The preamp (in a soundcard or interface) also generates (electrical) noise. A more sensitive mic (or talking louder or getting closer to the mic) can help to overcome the electrical noise (a better signal-to-noise ratio).

Probably the best kind of microphone for people who don’t have a “studio” is a good-professional headset mic (the kind Garth Brooks and Lady Gaga use for live performances). It picks-up a strong signal because it’s close to the mouth and the distance to the mic is constant. A gaming headset can be good for minimizing room noise but they can pick-up “breath noises” and they can just be “poor quality”.

I have two headset microphones. One, I think Logitech, seemed to work OK, but its sound quality was pure gamer. Just enough to let the other players know I was still breathing. It has a place of honor in a box in the garage.

The other one I used for my podcast test and is a terrific microphone and it would be even terrificker if I could find it. I searched all the subjunctive locations. The places where I would have put it had I put it there. But yes, it let me host the podcast in the middle of my noisy living room with little or no trash in the background.



The second of those videos is really amazing - great.

The first isn’t too bad either.
Are those two different software systems costly? I think I saw something about a subscription model on one of the comments - and I’m not doing that either. If there’s low cost or open source software out there which will behave similarly I might be interested.

I was rather thinking of a system which would do a short one off noise calibration before starting a session, rather than one which tries to guess which sounds are wanted and which aren’t. If those systems are always redoing the noise profile, how can they possibly know what is wanted and what is not?
Despite that though - in some application areas software like that would be really useful.

There’s “krisp” which is a software only service. It has a free version which is limited to 2 hours per week. Beyond that it’s a monthly subscription (currently starting at $60 per year).
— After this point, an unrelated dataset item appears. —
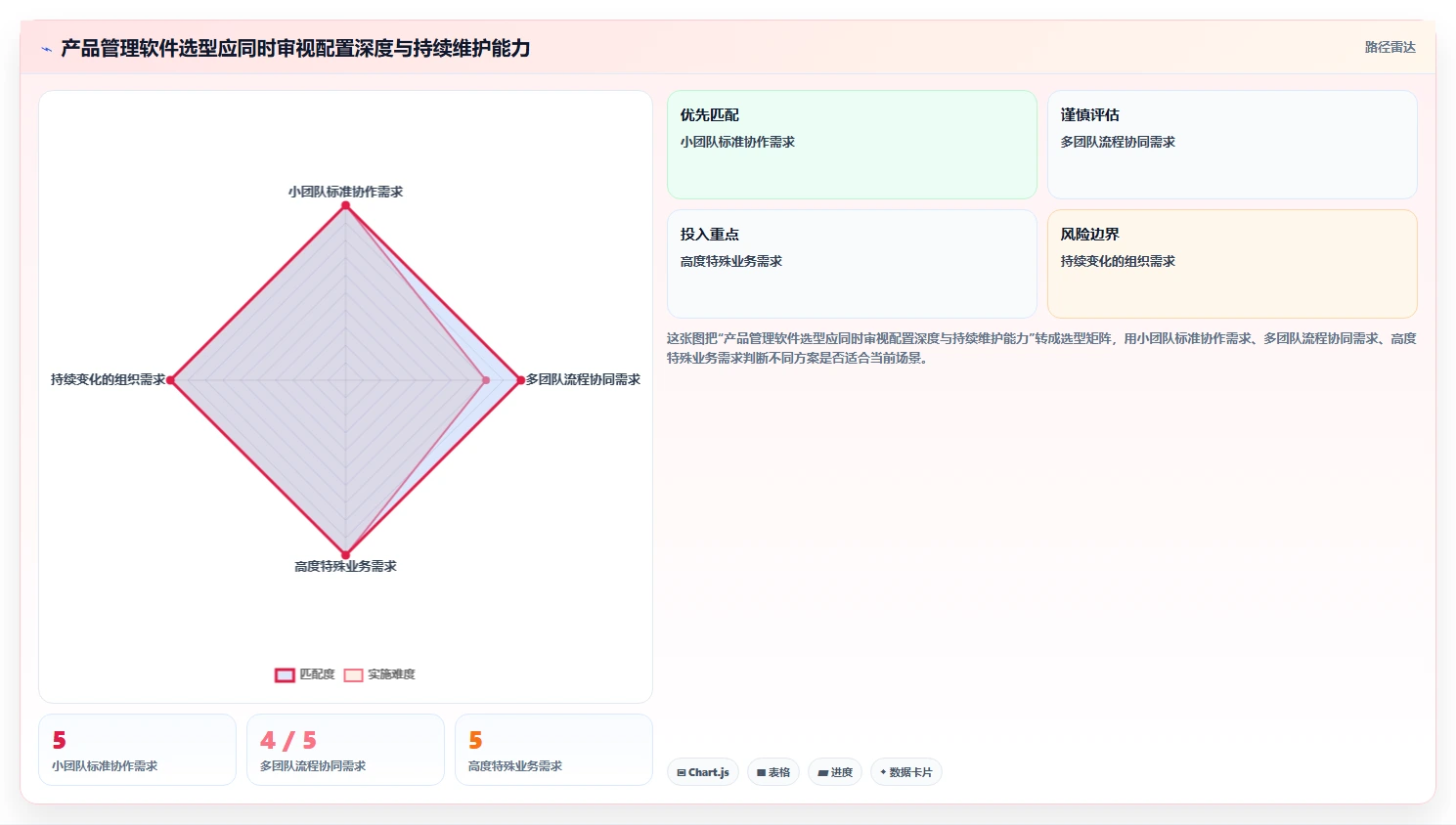 2026年具备深度定制化能力的产品管理软件全面测评与推荐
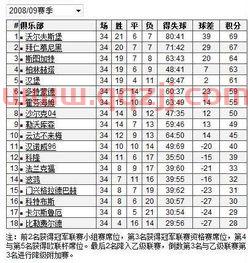 德甲排名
The Nvidia RTX version requires an Nvidia RTX video card, so there’s a one off cost of the video card (they’re not cheap).

Both are amazing and extremely complex products.

They are optimized for voice. They’ve used very clever AI modelling to determine what is a voice and what is not, then remove “not a voice” sounds.
There’s some information about how they work on the krisp website (commercial site: https://krisp.ai/blog/nvidia-rtx-voice-krisp/)

To some extent this is already done in apps such as Skype / Zoom, and some sound cards have similar noise reduction / echo cancellation features.

The significant down side to “dynamic” (as you record) noise reduction, is that if does something bad, there’s no going back - you have to re-record. It’s a lot quicker and easier to undo an effect and re-apply, than to re-record.